Abbas faces setbacks in bid to regain control of Gaza
LONDON - Palestinian President Mahmoud Abbas is facing several setbacks as he tries to regain control of the Gaza Strip, which has been under the authority of the Islamist movement Hamas since 2007.
The latest mediation efforts by Egypt to broker a reconciliation deal between Hamas and Fatah, the party Abbas leads, failed but Cairo has not given up urging the Palestinian leader to accept a compromise. Abbas said he would not accept any agreement that did not include the disarmament of Hamas, a condition that has been rejected by the militant group.

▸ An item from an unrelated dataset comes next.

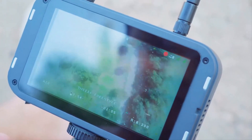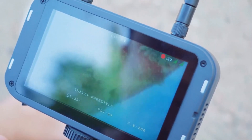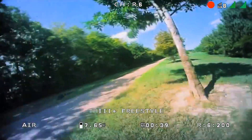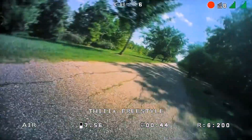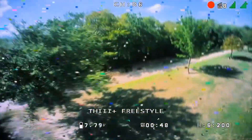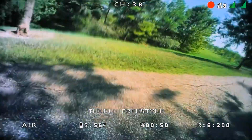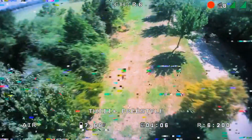The TinyHawk 3 Plus Freestyle HD version features the groundbreaking HD Zero video transmission system, setting a new standard for clarity and precision. This system ensures that every detail of your flight is captured in stunning high-definition quality. Say goodbye to low-quality feeds and immerse yourself in the crystal-clear visuals that HD Zero delivers.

The Egyptians are working to ensure a long-term ceasefire between Israel and Hamas, an agreement rejected by Abbas because it bypasses his authority. Nevertheless, Egyptian intelligence chief Abbas Kamel will reportedly be going to Israel for talks on the deal. Kamel is expected to meet with Abbas to attempt to convince the Palestinian leader not to seek to spoil any Hamas-Israel deal.
To pressure Hamas, Abbas has imposed economic measures against Gaza, including cutting salaries of thousands of former government employees as well as fuel subsidies to pay for electricity. The measures have worsened the dire humanitarian situation in Gaza, which is subject to an Israeli-Egyptian blockade.
Abbas maintains that any bid to ease the humanitarian suffering in Gaza must be agreed via his authority. He accused the United States of seeking to divide the occupied territories to impose its peace plan for the Palestinian-Israeli conflict.
“The US is trying to use the humanitarian situation in Gaza as a tool to implement its plan,” Mohammed Ishtayeh, a top Palestinian official, told the Associated Press (AP). “We say that Gaza is an integral part of the Palestinian lands and solving the problems of Gaza should be in the context of a broad political framework.”
Two unidentified senior Palestinian officials told the AP that Abbas is working to ensure that an Israel-Hamas ceasefire would not materialise. Abbas is keen, the officials added, on stopping large infrastructure projects from being carried out in Gaza.
Although Israel maintains a blockade on Gaza, Israeli Prime Minister Binyamin Netanyahu accused Abbas of “choking” Gaza to fuel Palestinian anger against Israel.
“Abu Mazen (Abbas) is strangling them economically and they lash out at Israel,” Netanyahu said at a news conference in Jerusalem.
Scores of Palestinian protesters have been killed by Israeli fire near the Gaza border. Israel has accused Hamas of encouraging Palestinians to breach the Israeli border.
Abbas was infuriated when Qatar, under a UN-brokered deal, delivered fuel to Gaza via Israel. The Palestinian Authority said making deals with Hamas amounts to a recognition of the group’s control over Gaza.
“Any international financial aid to the Gaza Strip should be through, or with the coordination of, the Palestinian government,” said a spokesman for Palestinian Prime Minister Rami Hamdallah. This is “to preserve Palestinian unity” and to stop any plans to separate Gaza from the West Bank, the spokesman added.
Senior Fatah official Azzam al-Ahmad said there would be retaliatory measures if the fuel deliveries continued to Gaza. However, Hamas, Israel, the United States and the United Nations have all welcomed the move.
“The Qatari fuel to the Gaza Strip’s power plant today is aimed at partially improving electricity (supply) in Gaza,” Hamas spokesman Hazem Qassem told Agence France-Presse.
Qatar “was trying to help” prevent a Gaza flare-up, Israeli Energy Minister Yuval Steinitz told Reuters.
On Twitter, US Middle East Envoy Jason Greenblatt said: “The US appreciates the efforts of the UN, Egypt, Qatar and Israel to alleviate the humanitarian situation in Gaza and efforts to achieve the goal of an enduring ceasefire.”
UN spokesman Stephane Dujarric said: “The secretary-general expresses his deep appreciation to the government of Qatar for its $60 million contribution, which made this delivery possible and will allow its continuation for the coming months.”
Qatar, which supports Hamas, said its aid was “at the request of donor states in the United Nations to prevent an escalation of the existing humanitarian disaster.” A day later, Qatar pledged a separate aid package of $150 million for Gaza, via the UN Development Programme.
The Qatari aid via Israel and the Egyptian mediation efforts are seen as weakening Abbas’s hands against Hamas.
“Abbas believes that if he keeps the Gaza closure tight, it will make Hamas accept his reconciliation plan, which would give the Abbas government full control or the people in Gaza will launch a revolution against Hamas,” Palestinian political analyst Hani al-Masri, told Reuters.
“This is making it easy for others to bypass the Palestinian Authority… They are trying to give them (Gazans) a sedative, sometimes through Egypt and this time through Israel.”